Allan Rock, a former Canadian ambassador to the UN, said it is expected that Mr. Trudeau would be calling his counterparts in the weeks leading up to the vote. He said Mr. Blanchard has probably shared his “tally card” with Mr. Trudeau, indicating which countries have decided how they will vote, so Mr. Trudeau doesn’t waste his time calling leaders who have made up their mind.

Mr. Rock said the Prime Minister is likely calling leaders who have regional influence, such as his Jamaican counterpart, whom Mr. Trudeau spoke with on May 13. Mr. Rock said Canada can rely on its strong bilateral relationship with Jamaica to seek support from CARICOM, a Caribbean alliance of 15 countries.

“We will probably not only ask them [Jamaica] to support us but we’re probably also asking them to go to the CARICOM table on our behalf and make the case for Canada,” Mr. Rock said.

Mr. Blanchard says Thursday’s meeting is not an attempt to boost the Security Council campaign.

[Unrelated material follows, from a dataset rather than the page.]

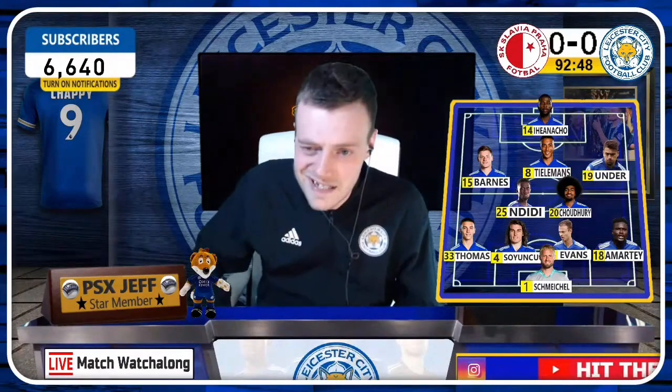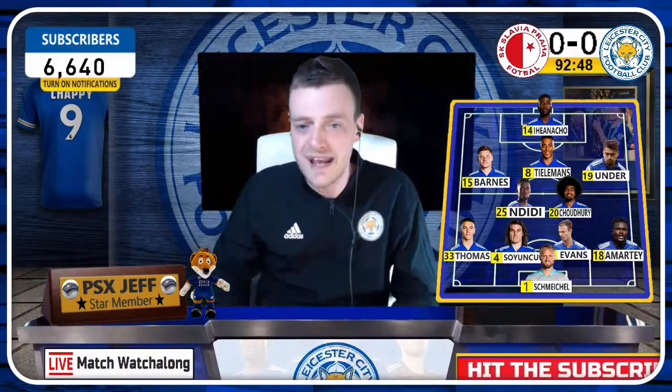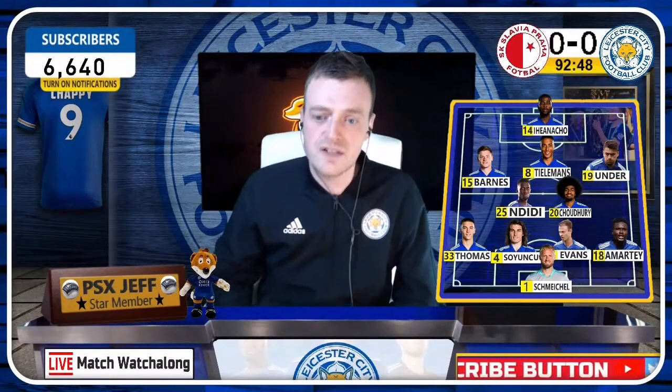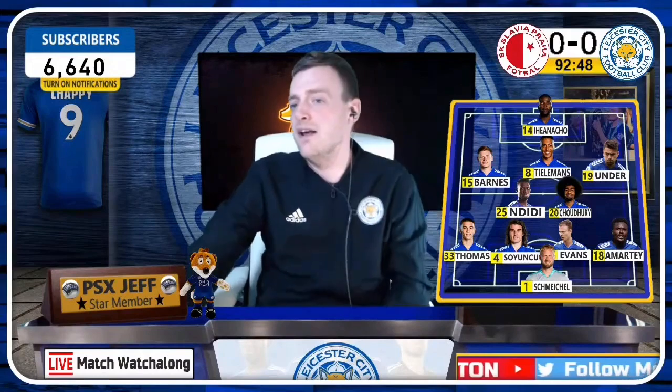Can Leicester get top four? Can Leicester get further into the Europa League? Only time will tell, and you'll be here watching me do the watch-alongs for every Leicester fixture. I'll see you all very soon — take care guys, night night, peace, see you later, stay safe.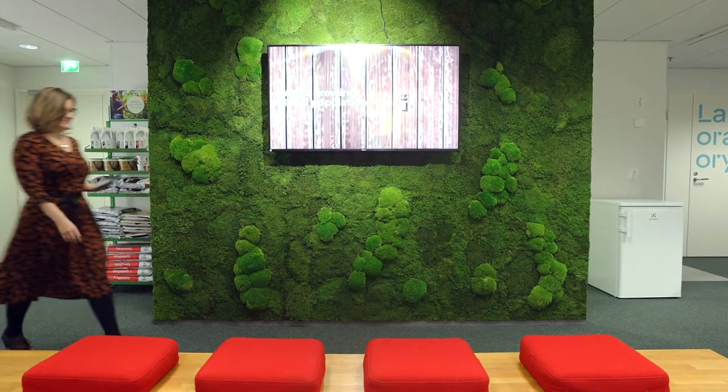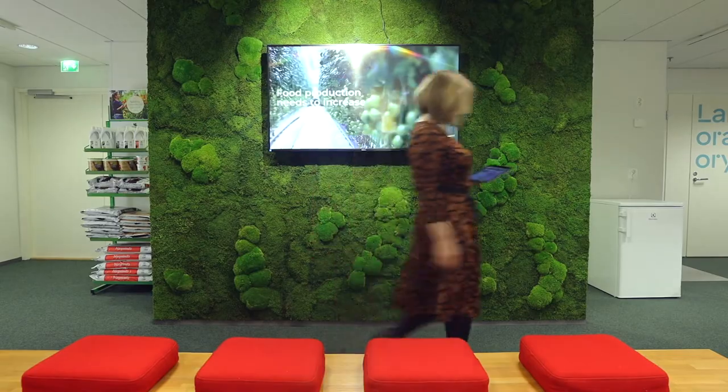We have started using ShowWool at the beginning of 2017. When we use ShowWool, we know that all of the sales materials that our sales advisors are using are up to date, and we can also control the quality of the presentations that they use.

Canada is seeking one of 10 rotating, non-permanent seats on the UN’s most powerful branch in 2021-22.

“This is what I mean by this is the not the time for campaigning and thinking strategically about this or that.”

He predicts a “competitive” three-way race between Canada, Norway and Ireland that will be decided by a few votes.

However, experts agree Norway is the front-runner for the Security Council seat.

“Everybody recognizes that Norway is a shoe-in and that’s because Norway over the years has been such an exemplary multilateral member in every respect,” said Stephen Lewis, a former Canadian ambassador to the UN.

“The fight is really between Ireland and Canada and I think we have a fighting chance but that it won’t be easy.”

If Canada does win, Mr. Lewis said it will be in “significant measure” to Mr. Blanchard. Mr. Lewis said anywhere from 15 to 20 per cent of ambassadors will vote against the guarantees given by their leaders, as the vote is a secret ballot. Those ballots could be the difference maker for Canada, given Mr. Blanchard’s reputation as a well-regarded, charismatic and accessible diplomat in New York.

“I suspect you’re going to get a number of ambassadors who are voting for Blanchard as Canada’s representative rather than vote as they’re told by their capital,” Mr. Lewis said.

Canada last sat on the Security Council in 1999-2000. Former prime minister Stephen Harper’s Conservative government withdrew Canada’s candidacy for a Security Council seat in 2010 when it became clear Canada would lose to Portugal.

Canada’s current run for a Security Council seat has a been a cornerstone of Mr. Trudeau’s foreign policy since he declared “Canada is back” on the world stage in 2015. Mr. Lewis said that declaration will no longer stand if Canada loses on June 17.

“If we lose, the world has a measure of Canada,” he said. “We have to look hard at our multilateral and international policies which clearly have not resonated with the rest of the world if we were to lose.”